> [Recorded data]
----
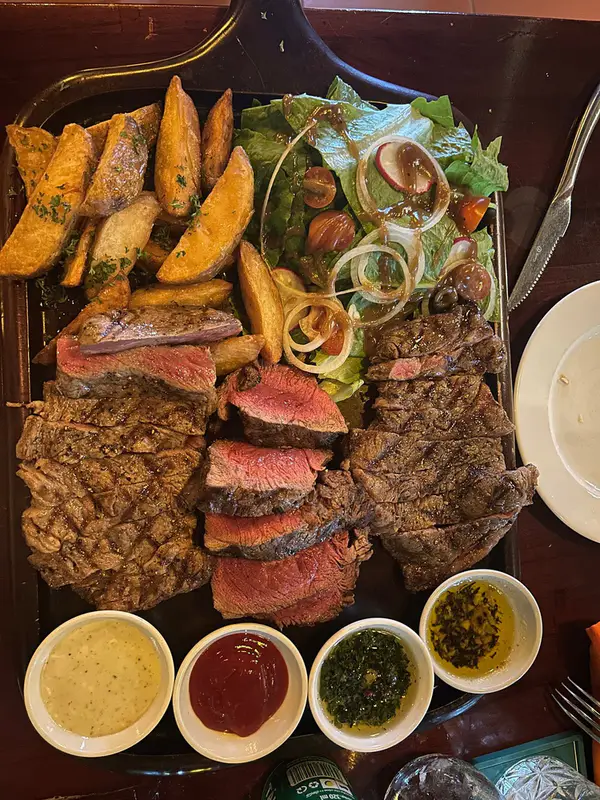 Hoi An Steakhouse Riverside - ảnh 4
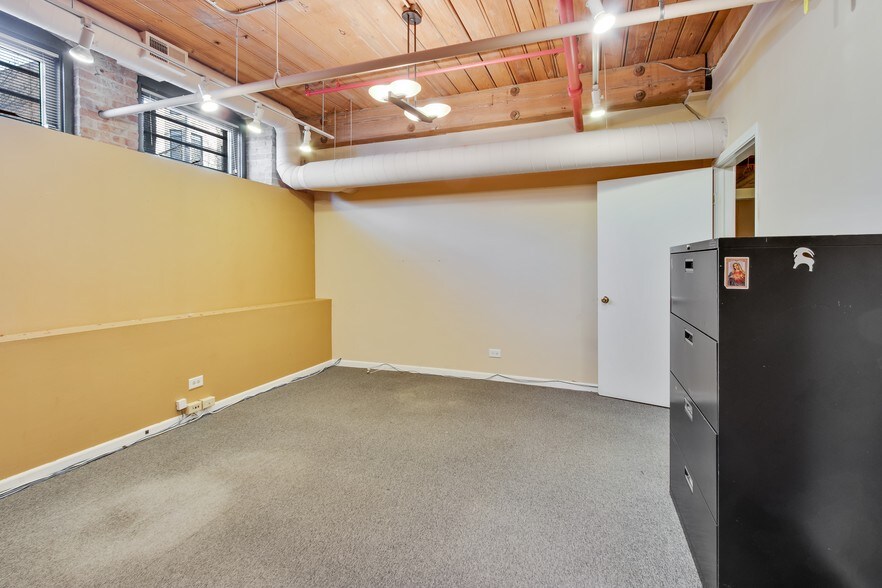 More Photos Of 1327 W Washington Blvd, Chicago Loft Creative Space For Lease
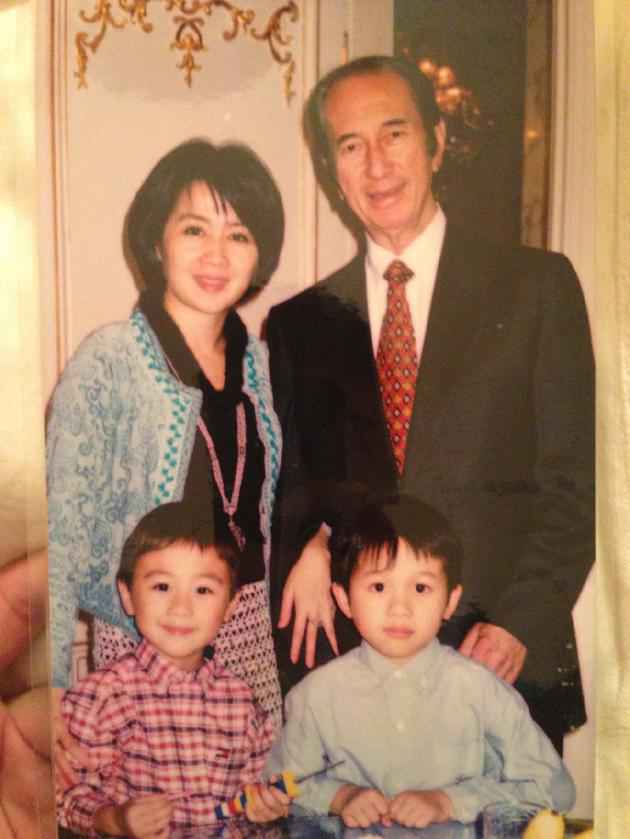 何猷君哀悼何鸿燊 没有文字只发了一张全家福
----
> [Your instructions]
The expected answer is the listing above, duplicated exactly, with its pictures removed.

> [Exercise response]
 Hoi An Steakhouse Riverside - ảnh 4
 More Photos Of 1327 W Washington Blvd, Chicago Loft Creative Space For Lease
 何猷君哀悼何鸿燊 没有文字只发了一张全家福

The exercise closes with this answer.